Weighted Least Squares for Parabola Coefficients Estimation

269 Views Asked by At

I am in trouble to find where I am making a mistake...

I have to estimate the parameters a and b of the curve modeled by:

$y = a x^2 + bx$

I have to do that from K measures of the curve, each measure is modeled by:

$y_i = a x^2 + bx + \epsilon_i$

Where $\epsilon_i$ is a Gaussian random variable that follows $N(0,\sigma_i^2)$

After collecting a group of K measures, I start the estimation. In order to do that, I am using weighted least squares for estimating my parameters:

$\Theta = \left[\begin{array}{c} a\\ b \end{array}\right]$

So, the closed solution formula tells me that:

$\hat\Theta = (\Phi^TR^{-1}\Phi)^{-1}\Phi^TR^{-1}y$

Where:

  • y is a $[k \times 1]$ vector with k measures of the curve.

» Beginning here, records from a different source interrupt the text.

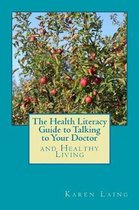 The Health Literacy Guide to Talking to Your Doctor and Healthy Living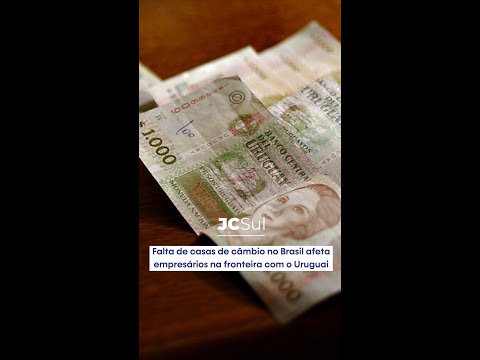 Falta de casas de câmbio no Brasil afeta empresários da fronteira com o Uruguai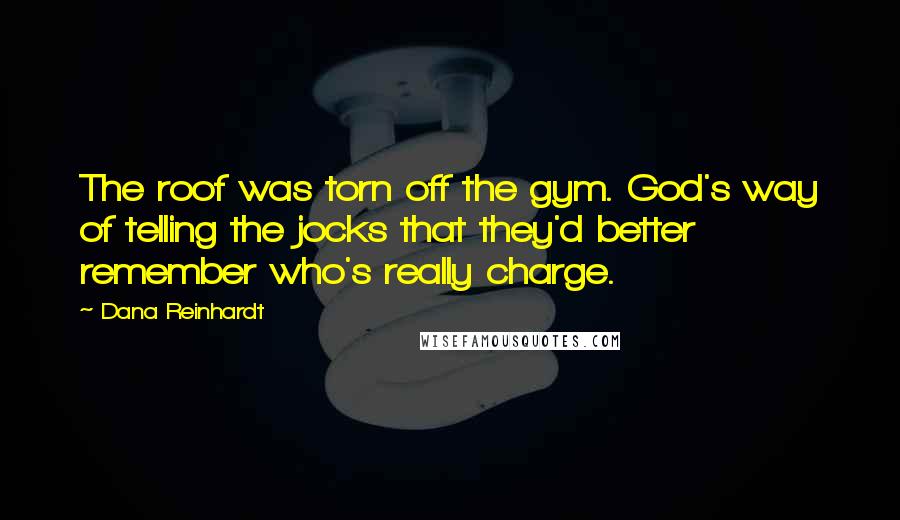 Dana Reinhardt Quotes: The roof was torn off the gym. God's way of telling the jocks that they'd better remember who's really charge.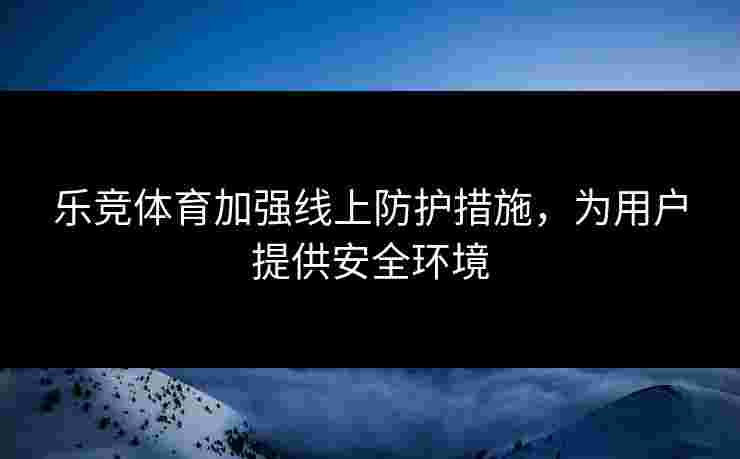 乐竞体育加强线上防护措施，为用户提供安全环境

  • R is a $[k \times k]$ matrix constructed from $R = E[\epsilon \epsilon^T] = diag(\sigma_{\epsilon 1}^{2} ... \sigma_{\epsilon k}^{2})$

  • $\Phi$ is a $[k \times 2]$ matrix that is equals to $\left[\begin{array}{cc} x^{2} & x\\ \vdots & \vdots\\ x^{2} & x \end{array}\right]$

The problem is that I always find

$(\Phi^TR^{-1}\Phi)$

as a singular matrix, therefore, I am unable to invert it and get to the final estimatiion.

What am I doing wrong? Have I made a mistake in the construction of the problem?

Thank you!

1

There are 1 best solutions below

0
On BEST ANSWER

The regression model written in matrix notation is given by

$$y=\Phi\Theta+\epsilon.$$

We want to find the least-squares solution $\Theta=\hat{\Theta}$ that maximizes the likelihood of the multivariate Gaussian distributed errors, i.e.

$$L\propto\exp\left(-\frac{1}{2}\epsilon^TR^{-1}\epsilon\right).$$

If we view $R^{-1}$ as the metric of an inner product (since it's positive-definite), we need to minimize $\Vert\epsilon\Vert_{R^{-1}}^2\equiv\epsilon^TR^{-1}\epsilon$ by choosing our $\Theta=\hat{\Theta}$ such that the vector $y-\Phi\hat{\Theta}$ is orthogonal to $\Phi$ under the same metric $R^{-1}$. Therefore,

$$\Phi^TR^{-1}(y-\Phi\hat{\Theta})=0,$$

which leads to the least-squares formula

$$\hat{\Theta}=(\Phi^TR^{-1}\Phi)^{-1}\Phi^TR^{-1}y.$$

So your formula is correct. This formula can even handle correlated errors if you put off-diagonal entries in $R$. The matrix $R$ should be positive-definite. If you find numerically that $\Phi^TR^{-1}\Phi$ is close to singular, use ridge regression

$$\hat{\Theta}_\lambda=(\Phi^TR^{-1}\Phi+\lambda I)^{-1}\Phi^TR^{-1}y,$$

where $\lambda>0$ is the ridge parameter.